The Answer to the Ultimate Question

The Answer to the Ultimate Question The Garrett Ashley Mullet Show

In Douglas Adams’ Hitchhiker’s Guide to the Galaxy, the supercomputer Deep Thought operates for 7.5 million years to spit out the answer “42.” But by that time, nobody remembers what the question was. So then another supercomputer – this one none other than our very own planet Earth – is designed by a race of hyper-intelligent, ultra-capable galactic house mice to figure out what the original question was.

Fools, Frauds, and Firebrands by Roger Scruton talks quite a lot about the thinkers of the New Left who obfuscate the nonsense of their philosophies by burying the lack of meaning in a lot of complicated speech that’s difficult to get through.

Yesterday also, I finished up Children of Ash and Elm by Neil Price – the first and only definitive and dedicated history of the Vikings as a people I have ever come across. And I find it remarkable how the author takes little detours throughout the work to toss in woke-sounding modern conceptions of the patriarchy, gender theory, and the like. He apparently is looking to the Vikings for some kind of primeval precedent for the present-day revelry, chaos, and confusion regarding gender and sexuality.

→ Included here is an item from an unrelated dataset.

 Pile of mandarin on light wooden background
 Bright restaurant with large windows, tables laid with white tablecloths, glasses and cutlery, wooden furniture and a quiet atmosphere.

Yet the contradiction that makes so little sense to me is that for all the efforts Price makes at portraying Viking society as open, inclusive, and tolerant, we must remember that the Vikings are so well-known to us because of their savagery, brutality, and penchant for murderous raids. They callously took slaves and sacrificed men, women, and children to their pagan gods. They bludgeoned, threatened, and generally terrorized all within their grasp for hundreds of years – and yet we are to extoll their virtues as some kind of throw-back precursor of a modern secular fantasy of living in a society where gender and sexuality are merely a social construct.

In other words, the madness of this present age – and moreover, of all ages in which sinful men hold sway and revel in their own and one another’s wickedness – is in loving and embracing death romantically so long as we can find refuge in it from the God of Abraham, Isaac, and Jacob, and Christ Jesus the only begotten Son of the Father.

One final thought – and this is in response to some feedback I got from my neighbor after he listened to Episode # 104, “Choosing the Seventh Audiobook.” I may be speaking as much from my own human frailty and ignorance to dismiss Study Bibles.